The most striking thing about treatise VI is perhaps the fact that the largest section of the treatise is devoted to the refutation of Heytesbury’s view concerning the proper measure of augmentation. And here there are two points to be noted about the arguments provided. First of all, a significantly large proportion of them involve what are in effect augmentations from zero quantity. Since the first position is obviously not applicable to augmentations from zero (since this would put a zero into the denominator of the proportion of quantities that it proposes as the proper measure of augmentation), one might argue that these supposed refutations of the position are misguided. And secondly, Swineshead himself eventually concedes several of the refuting arguments although he did consider the first position to be refuted. Yet these arguments are left to stand as if they were strikes against the first position. Thus, Swineshead says that the inferences which can be drawn from the first position are amazing and contrary to one’s idea of what the proper measure of a motion should be (23va)–some of these conclusions being ones that involve the unfair augmentation from zero quantity–but he then also concedes that some of these conclusions are simply true no matter how the velocity of augmentation is measured (23va). So again one might fairly draw the conclusion that Swineshead’s major concern is not really the choice between rival measures, but rather the exhibition of mathematical techniques that one might reasonably use in the discussion of any of the positions.

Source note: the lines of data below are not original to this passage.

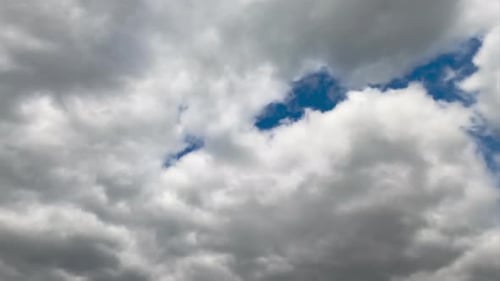 Thick cumulus clouds gathering in the sky. Quick cloudscape transformation timelapse.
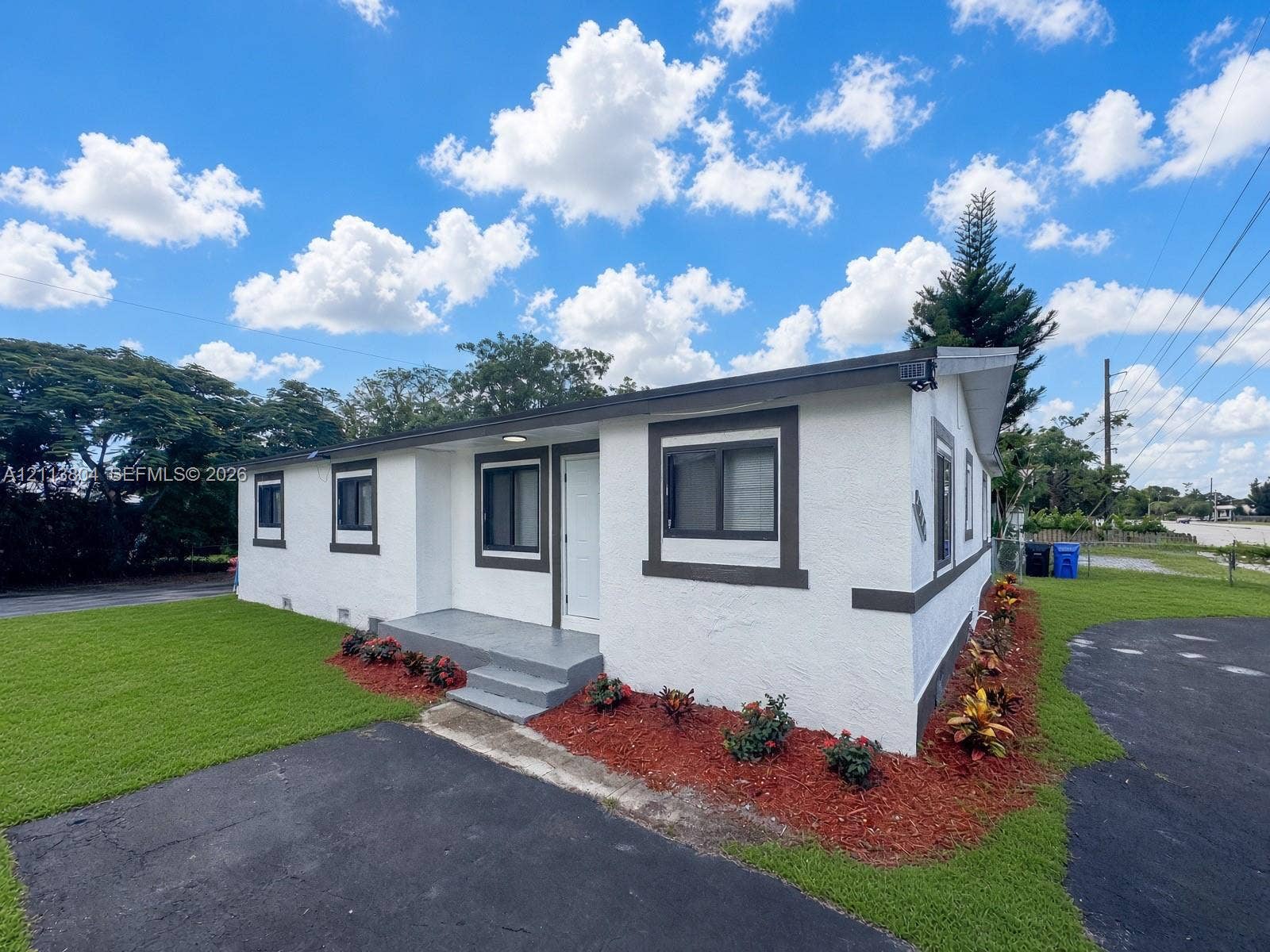 2300 NW 31st Avenue, Fort Lauderdale, FL 33311 Exterior featuring white stucco siding with contrasting trim, a covered concrete front entry, and landscaped perimeter garden beds with mulch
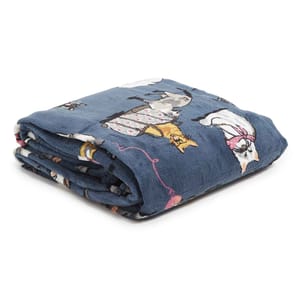 A folded plush blanket with a dark blue base featuring cartoon illustrations of cats wearing various outfits.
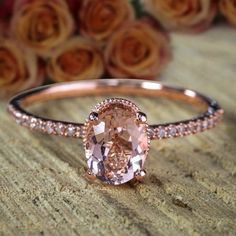 an oval shaped morganite and diamond ring on a table with roses in the background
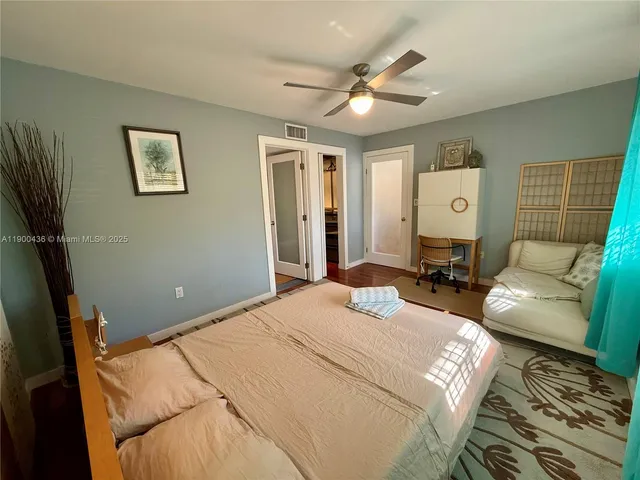 a bedroom with a bed couch and window
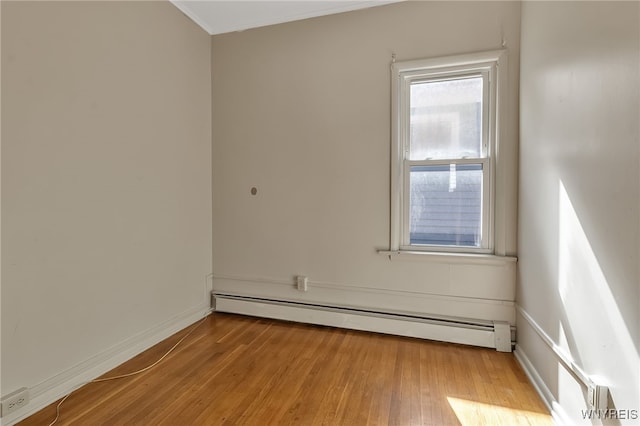1681 Amherst St, Buffalo, NY 14214 - empty room featuring a baseboard radiator, hardwood / wood-style floors, baseboards, and ornamental molding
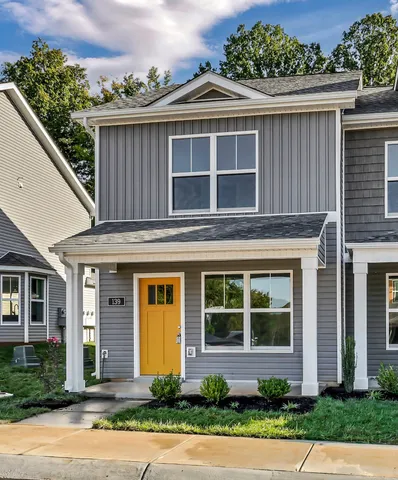 a front view of a house with a yard and potted plants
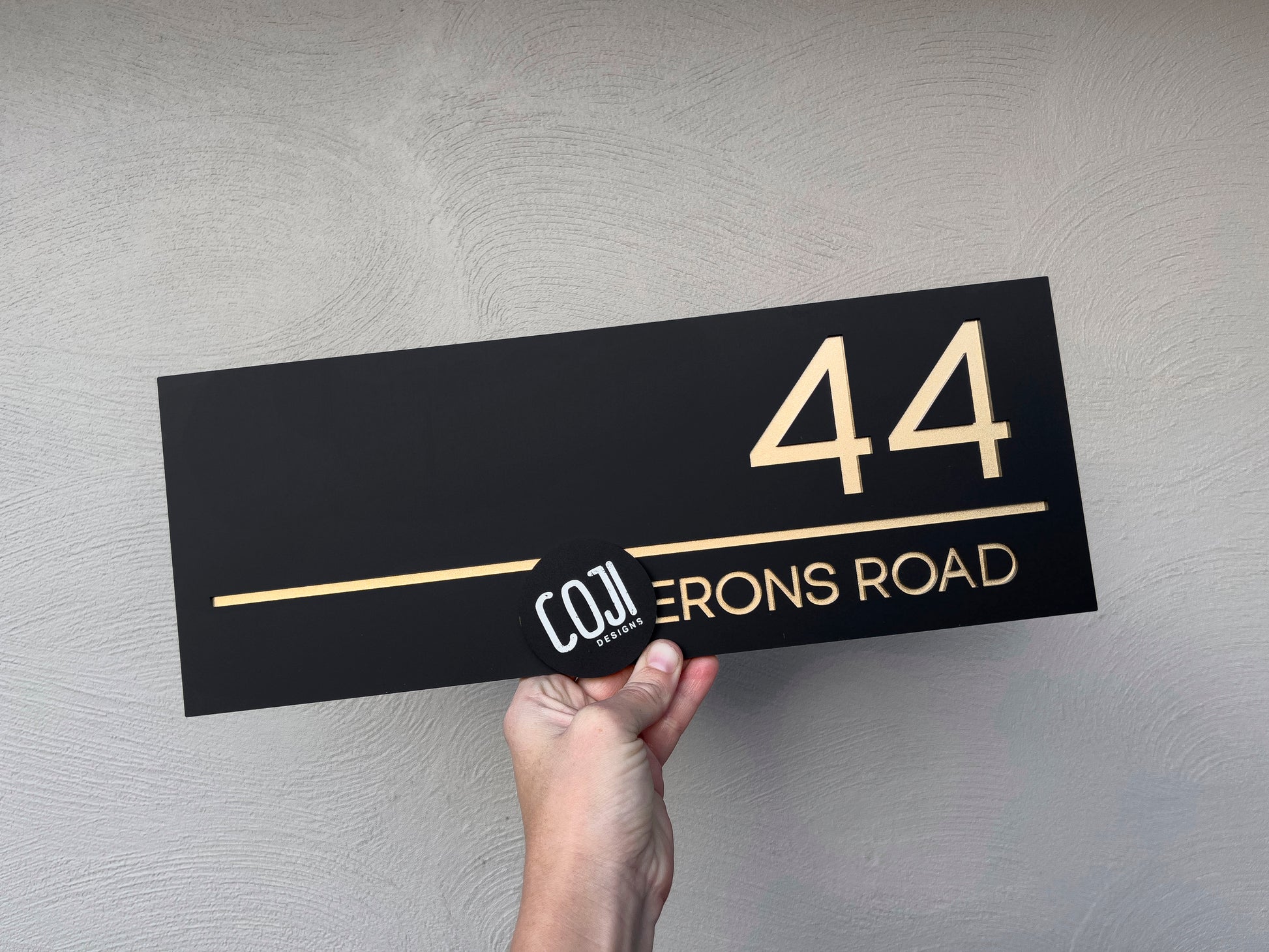 Black and metallic gold custom made acrylic house address sign with the number '44'.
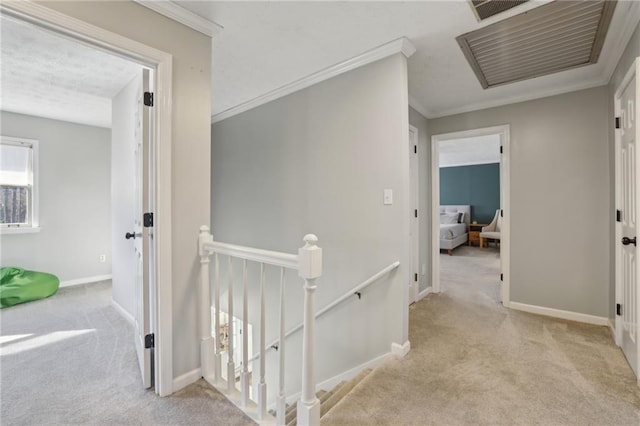 hall with carpet floors, baseboards, crown molding, and an upstairs landing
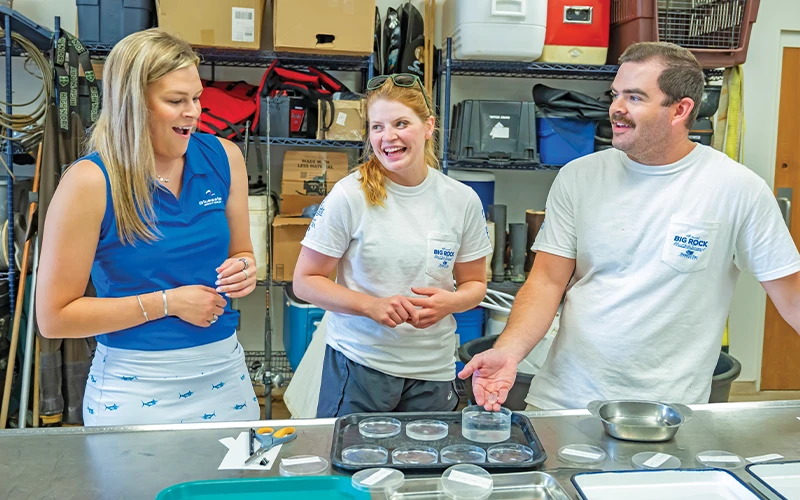 Graduate students explain fish research procedures to visitors at the Big Rock Tournament event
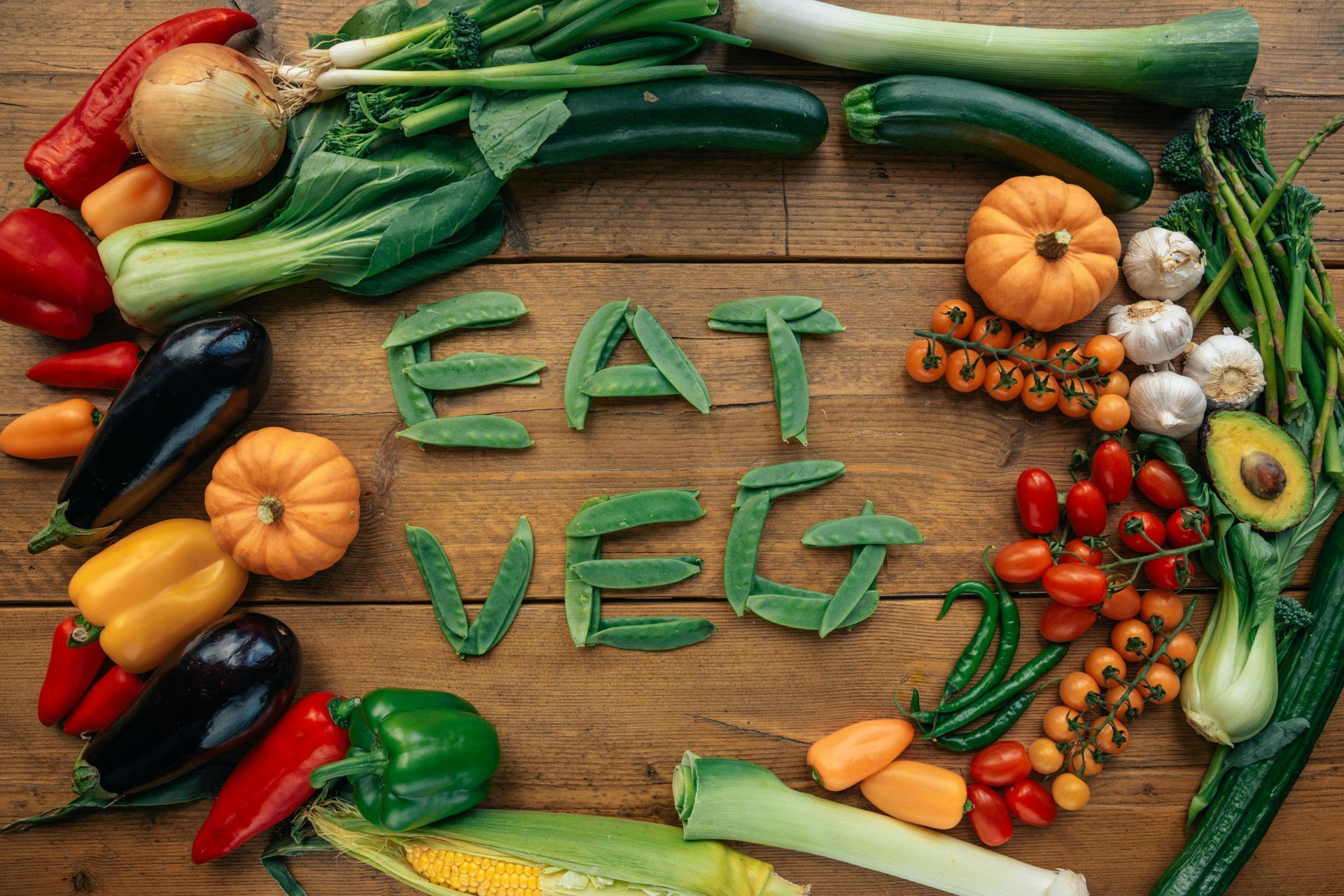 A wooden table topped with vegetables and the words `` eat veg '' written in green letters. A wooden table topped with vegetables and the words `` eat veg '' written in green letters.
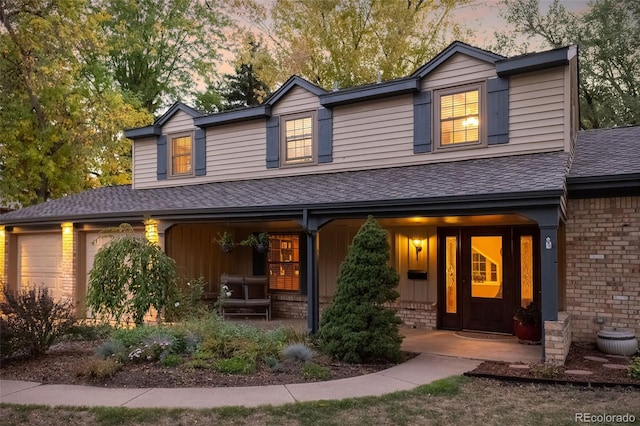 view of front of property with a porch and a garage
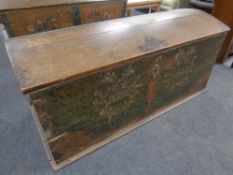A 19th century oak dome topped shipping trunk with hand painted decoration and key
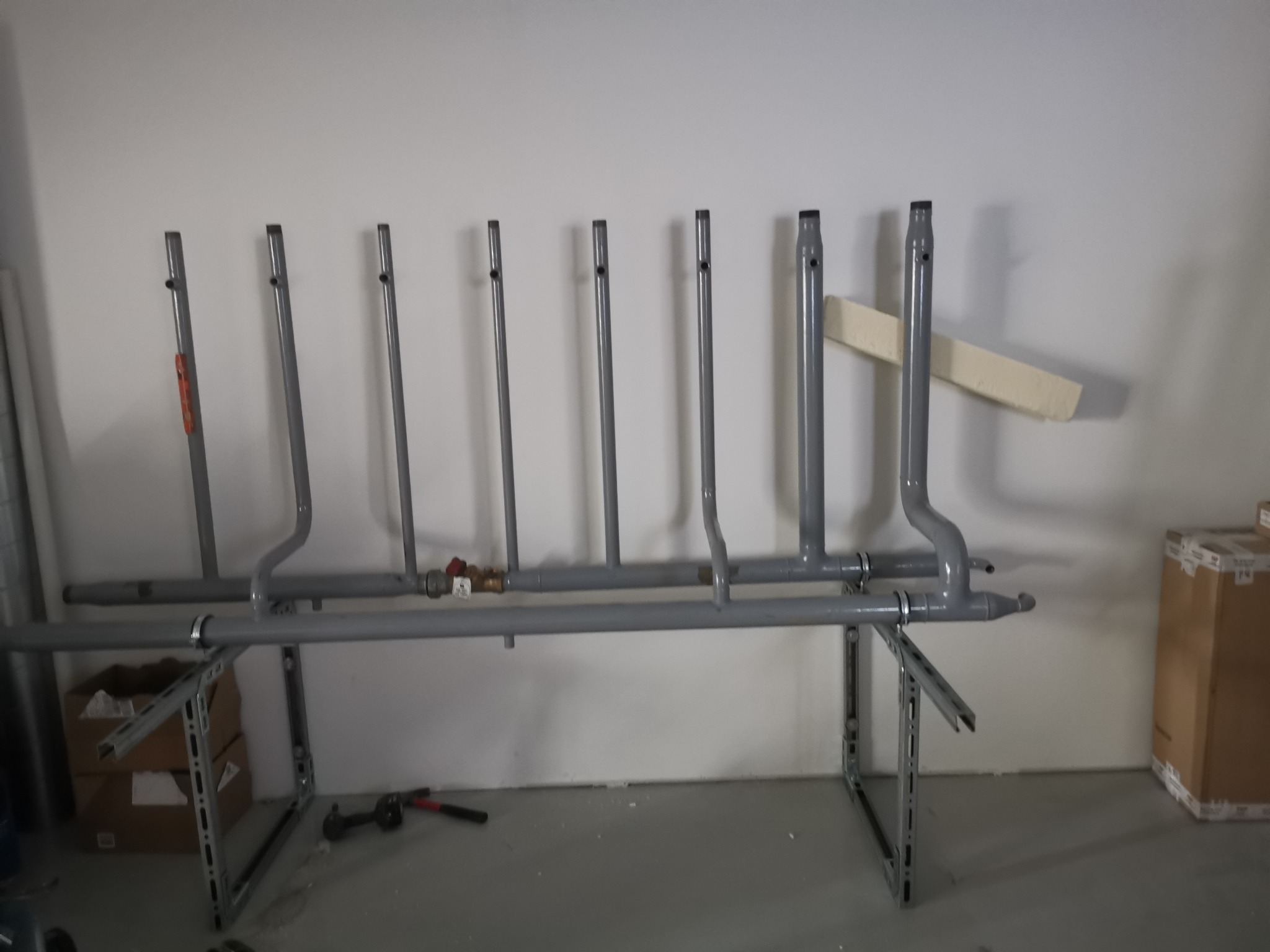 Szare rury instalacji grzewczej zamontowane na metalowych wspornikach, widoczny zawór i narzędzia na podłodze w surowym pomieszczeniu.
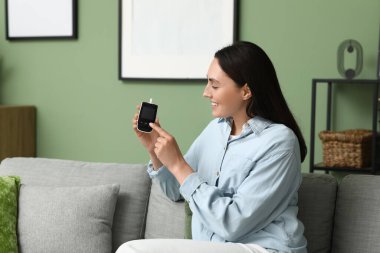 Evdeki kanepede glukometre kullanan şeker hastası genç bir kadın.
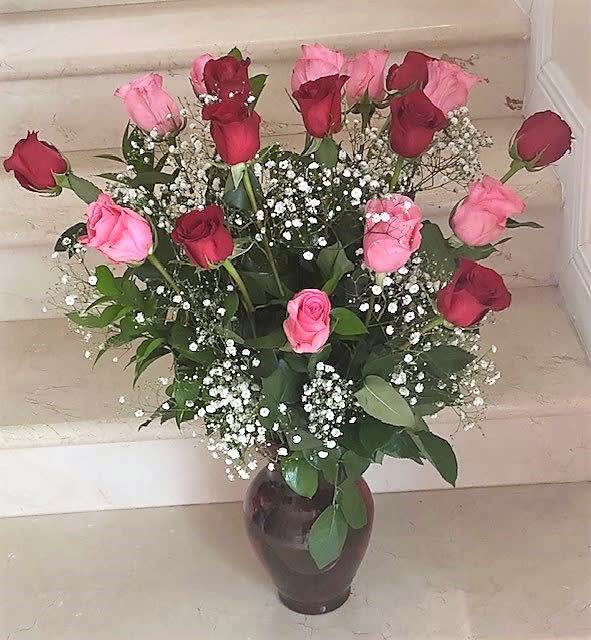 Tall arrangement of red and pink roses with white filler flowers in a dark vase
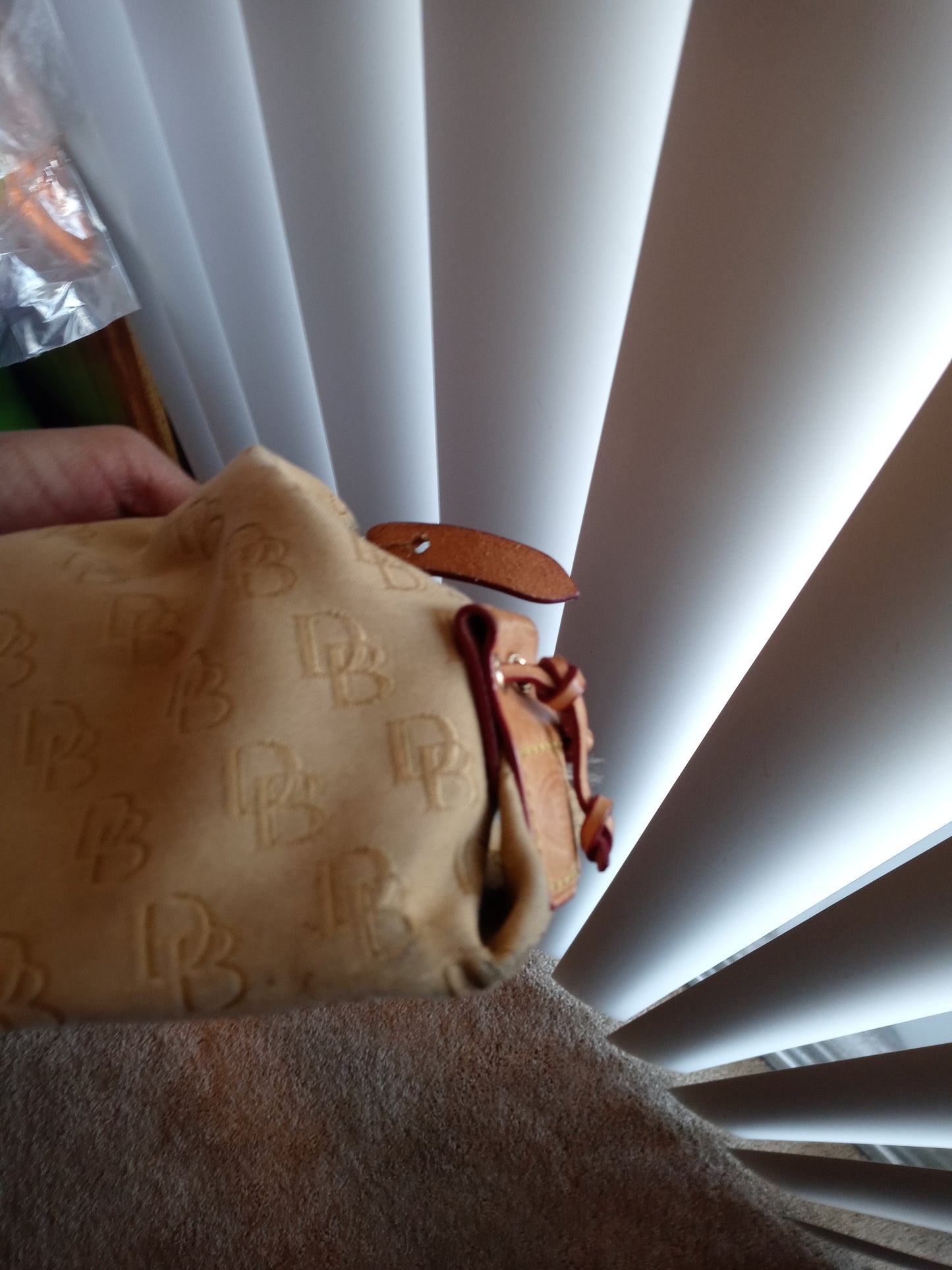 Fabric Dooney & Bourke purse with leather accents
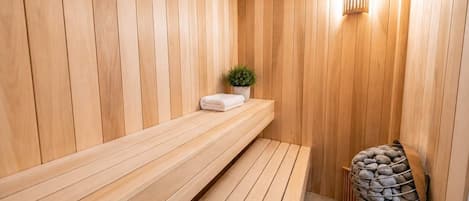 Un sauna con bancos de madera y una pared de piedra.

Treatises VII-VIII: On Reaction; On the Powers of Things . As in the works of the other Oxford calculators where reaction is taken up at a fairly early stage, here too the problem of reaction is really the entire problem of how two qualified bodies act on each other and involves all of the variables discussed in the preceding treatises. For those who, like Richard Swineshead, held the so-called addition of part to part theory of qualitative change, the problem was particularly acute. There were numerous well-known cases (experimenta) in which reaction seemed to occur (25va). Furthermore, under the addition theory it seemed that the parts of a quality present should be able to act and react with the other qualitative parts nearby. Yet the previously accepted Aristotelian and medical theory of qualitative change had assumed that the qualities of a given subject could be represented by the single degrees of hot, cold, wet, or dry of the whole, so that if two bodies were brought close together such that one could act on the other, only that body with the higher degree, say of heat, would act as the agent or force causing change, and only that body with the lower degree would act as patient and be changed. Clearly the calculators were in a position in which they had to improve upon previous theory by taking account of distributions of quality, and yet the theoretical situation was so complex and mathematically difficult that they faced an almost impossible task.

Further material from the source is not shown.